Poteva essere diversamente? No. Ieri, in conferenza stampa alla Mole Vanvitelliana, Mauro Canil da Matelica ha parlato forte e chiaro ai presenti nell’esporre il suo progetto che mette al centro, meglio, al vertice della piramide, lo sviluppo senza se e senza ma del settore giovanile (Progetto Giovani del Territorio) con sei squadre che parteciperanno ai vari campionati nazionali. Ragazzi che preferibilmente verranno cercati sul territorio anconetano/marchigiano prima che altrove.  (Nella foto: il presidente Mauro Canil, l’assessore allo Sport di Ancona Andrea Guidotti, il presidente Stefano Marconi).

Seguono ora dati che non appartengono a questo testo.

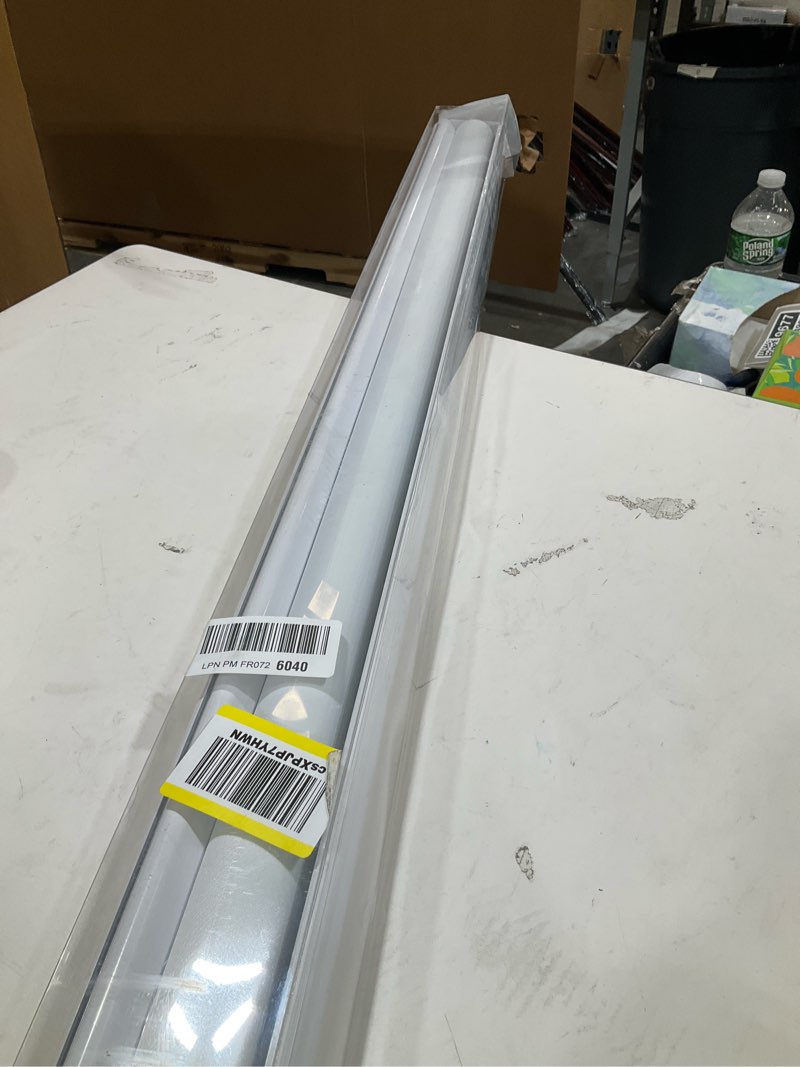 Condition photo showing Good Condition for persilux cordless zebra blinds for windows, roller shades for windows (51" w x 72" h, white) dual layer fabric for day and night,room darkening shades for home, office, bedroom and living room 51"w x 72"h white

Poi, verrà l’interesse per la prima squadra con quelle promesse che tanto sono piaciute alla Curva Nord: la società si chiamerà AnconaMatelica, per poi diventare solo Ancona dalla seconda stagione, la maglia sarà biancorossa, avrà lo scudo del Cavaliere armato. «Mi piace molto il Cavaliere – ha sottolineato Canil, che ha comunque aggiunto con convinzione – Vengo ad Ancona ma non vi prometto nulla, faremo una squadra dignitosa e punteremo a restare nella categoria. Tutto quello che verrà in più sarà ben accetto. Marconi ha promesso una sponsorizzazione per i prossimi 5 anni e noi punteremo a coinvolgere nel progetto le aziende del territorio».

Questo era ciò che il mondo del pallone dorico voleva sentirsi dire, e questo Canil gli ha detto. Servito con lucidità, decisione, convinzione, esperienza (per lui parlano i suoi trascorsi e l’apprezzamento che si porta dietro). L’uomo è sembrato degno, serio, credibile, onesto. Il Presidente lo scopriremo man mano, con la convinzione che nessuno prova  a fare calcio solo per gettare soldi dalla finestra. Qualche tornaconto dovrà averlo pure lui. E se lo sai gestire bene il settore giovanile un tornaconto te lo dà.

Prossime tappe del nuovo progetto: entro il 28 giugno, iscrizione della prima squadra al campionato; entro il 15 luglio cambio nome della società con atto notarile. Punti fermi: la dirigenza resterà quella del Matelica con moglie, figlio e dirigenti vari quasi tutti al femminile. L’allenatore sarà quello del Matelica. Previsto qualche inserimento di figure anconetane.

In chiusura un invito a una riflessione che non vuol significare nulla. Semplicemente, una citazione passata per la mente senza riferimenti a chicchesia. È firmata Massimo D’Azeglio: “Saper campare del proprio, poco o molto che sia, è la prima garanzia di una vita onorata e tranquilla. Quando, invece, si comincia a vivere dell’altrui, addio tranquillità e purtroppo non di rado, addio onore”.